In contrast, human efforts to build perfect systems will probably create “unforeseen vulnerabilities”. The best an organisation can do, then, is to minimise known risks and “ create sufficient capacity to deal with emerging ‘‘unknown unknowns”.

Another issue was that NASA was criticised about their risk acceptance practices. NASA was expected to take responsible risks. Given the limits of quantitative probabilities, “NASA rejected the verisimilitude of quantitative risk analysis and simply accepted that every space flight could end in disaster”.

This philosophy demanded a focus on commitment to sound engineering principles and a powerful culture around expertise. For NASA, this was a philosophy of calculated risk.

A philosophy of calculated risk

Strict rules had always governed the lead up to launch. Identified issues had to be closed before the next flight could take place and “All judgments were based on the basis of engineering arguments only” (emphasis added).
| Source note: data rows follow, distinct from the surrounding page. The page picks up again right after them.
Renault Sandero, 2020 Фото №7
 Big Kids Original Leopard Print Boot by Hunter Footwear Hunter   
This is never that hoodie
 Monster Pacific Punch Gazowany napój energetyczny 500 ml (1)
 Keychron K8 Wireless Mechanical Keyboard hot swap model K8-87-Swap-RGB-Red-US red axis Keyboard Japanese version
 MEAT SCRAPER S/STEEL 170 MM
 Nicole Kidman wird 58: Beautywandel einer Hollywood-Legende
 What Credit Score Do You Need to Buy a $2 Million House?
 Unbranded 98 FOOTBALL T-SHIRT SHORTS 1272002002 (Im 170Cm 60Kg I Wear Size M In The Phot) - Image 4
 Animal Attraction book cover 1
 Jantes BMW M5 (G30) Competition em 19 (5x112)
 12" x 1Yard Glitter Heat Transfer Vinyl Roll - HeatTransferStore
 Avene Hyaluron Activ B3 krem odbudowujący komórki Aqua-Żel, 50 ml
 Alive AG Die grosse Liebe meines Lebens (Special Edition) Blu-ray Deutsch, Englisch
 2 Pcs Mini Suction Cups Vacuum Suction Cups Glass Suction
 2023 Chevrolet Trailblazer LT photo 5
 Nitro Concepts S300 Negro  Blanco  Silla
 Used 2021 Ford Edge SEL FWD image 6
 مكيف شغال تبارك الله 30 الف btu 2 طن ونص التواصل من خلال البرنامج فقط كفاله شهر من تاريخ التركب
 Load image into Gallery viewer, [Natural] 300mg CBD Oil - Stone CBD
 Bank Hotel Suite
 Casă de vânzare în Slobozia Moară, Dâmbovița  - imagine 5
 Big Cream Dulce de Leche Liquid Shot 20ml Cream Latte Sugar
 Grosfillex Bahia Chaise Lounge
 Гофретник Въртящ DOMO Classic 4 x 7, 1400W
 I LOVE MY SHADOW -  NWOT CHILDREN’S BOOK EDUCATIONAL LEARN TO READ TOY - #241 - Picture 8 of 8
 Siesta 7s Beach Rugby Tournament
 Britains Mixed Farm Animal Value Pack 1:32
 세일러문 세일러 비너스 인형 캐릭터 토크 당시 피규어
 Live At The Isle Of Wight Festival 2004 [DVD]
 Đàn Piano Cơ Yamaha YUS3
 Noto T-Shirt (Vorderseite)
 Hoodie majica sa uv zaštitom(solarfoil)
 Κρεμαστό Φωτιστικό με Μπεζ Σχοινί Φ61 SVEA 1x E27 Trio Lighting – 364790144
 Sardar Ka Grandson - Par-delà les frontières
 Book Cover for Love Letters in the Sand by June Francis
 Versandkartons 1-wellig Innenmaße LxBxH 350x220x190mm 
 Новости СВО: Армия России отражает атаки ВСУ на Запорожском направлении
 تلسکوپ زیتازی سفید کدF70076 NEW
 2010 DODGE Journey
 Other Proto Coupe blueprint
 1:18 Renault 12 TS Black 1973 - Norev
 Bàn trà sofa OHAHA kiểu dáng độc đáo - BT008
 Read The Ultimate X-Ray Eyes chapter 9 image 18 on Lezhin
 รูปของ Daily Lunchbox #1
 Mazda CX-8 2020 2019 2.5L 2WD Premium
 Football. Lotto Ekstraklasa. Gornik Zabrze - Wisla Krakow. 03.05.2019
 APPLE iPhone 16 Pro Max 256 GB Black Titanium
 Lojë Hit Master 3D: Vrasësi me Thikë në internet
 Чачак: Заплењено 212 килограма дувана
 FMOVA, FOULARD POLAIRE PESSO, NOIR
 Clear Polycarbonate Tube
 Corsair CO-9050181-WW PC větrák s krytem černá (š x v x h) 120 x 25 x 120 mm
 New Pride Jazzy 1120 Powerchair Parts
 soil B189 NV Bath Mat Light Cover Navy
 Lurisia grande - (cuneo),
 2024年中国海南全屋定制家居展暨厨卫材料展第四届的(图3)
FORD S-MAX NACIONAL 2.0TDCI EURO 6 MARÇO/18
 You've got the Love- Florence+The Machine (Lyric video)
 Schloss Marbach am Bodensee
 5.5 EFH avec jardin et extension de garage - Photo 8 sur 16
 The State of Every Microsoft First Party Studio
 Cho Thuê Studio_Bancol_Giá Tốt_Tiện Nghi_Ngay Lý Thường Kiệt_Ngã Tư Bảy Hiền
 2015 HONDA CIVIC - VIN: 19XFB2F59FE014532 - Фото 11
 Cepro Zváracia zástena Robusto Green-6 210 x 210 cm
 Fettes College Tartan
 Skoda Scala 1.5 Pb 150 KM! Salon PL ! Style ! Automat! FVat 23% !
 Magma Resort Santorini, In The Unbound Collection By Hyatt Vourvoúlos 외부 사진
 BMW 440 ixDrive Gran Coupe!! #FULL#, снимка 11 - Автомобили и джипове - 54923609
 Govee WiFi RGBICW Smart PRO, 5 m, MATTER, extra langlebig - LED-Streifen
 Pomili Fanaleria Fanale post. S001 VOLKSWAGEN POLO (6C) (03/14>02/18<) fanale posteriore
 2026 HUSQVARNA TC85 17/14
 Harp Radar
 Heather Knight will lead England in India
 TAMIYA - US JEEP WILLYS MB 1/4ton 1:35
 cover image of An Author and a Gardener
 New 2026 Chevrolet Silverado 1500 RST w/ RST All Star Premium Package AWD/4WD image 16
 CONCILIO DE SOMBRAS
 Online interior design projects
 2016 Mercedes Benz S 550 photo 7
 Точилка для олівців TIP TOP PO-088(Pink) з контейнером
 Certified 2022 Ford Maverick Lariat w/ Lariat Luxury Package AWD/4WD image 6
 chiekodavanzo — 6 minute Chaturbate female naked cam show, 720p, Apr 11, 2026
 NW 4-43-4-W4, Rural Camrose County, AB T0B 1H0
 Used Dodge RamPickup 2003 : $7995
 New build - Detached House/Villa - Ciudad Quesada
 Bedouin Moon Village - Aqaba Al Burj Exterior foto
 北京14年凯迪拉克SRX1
Rules served several purposes: to prescribe best practices, enhance central control and to protect the organisation and its individuals from external criticism. In the case of Apollo 13, the use of procedures allowed engineers to figure out what happened yet “it was the capacity to be flexible and to depart from enshrined rules that gave rise to the level of improvisation that in the end saved the day (and the crew)”.

NASA relied on a process of acceptable risks; yet the Rogers Commission saw the idea of “acceptable risk” as unacceptable. The Rogers Commission was seen to have failed to recognise that NASA’s reliance on acceptable risk wasn’t reckless, but “firmly entrenched in the NASA culture, because it had proved its worth in the Apollo years”.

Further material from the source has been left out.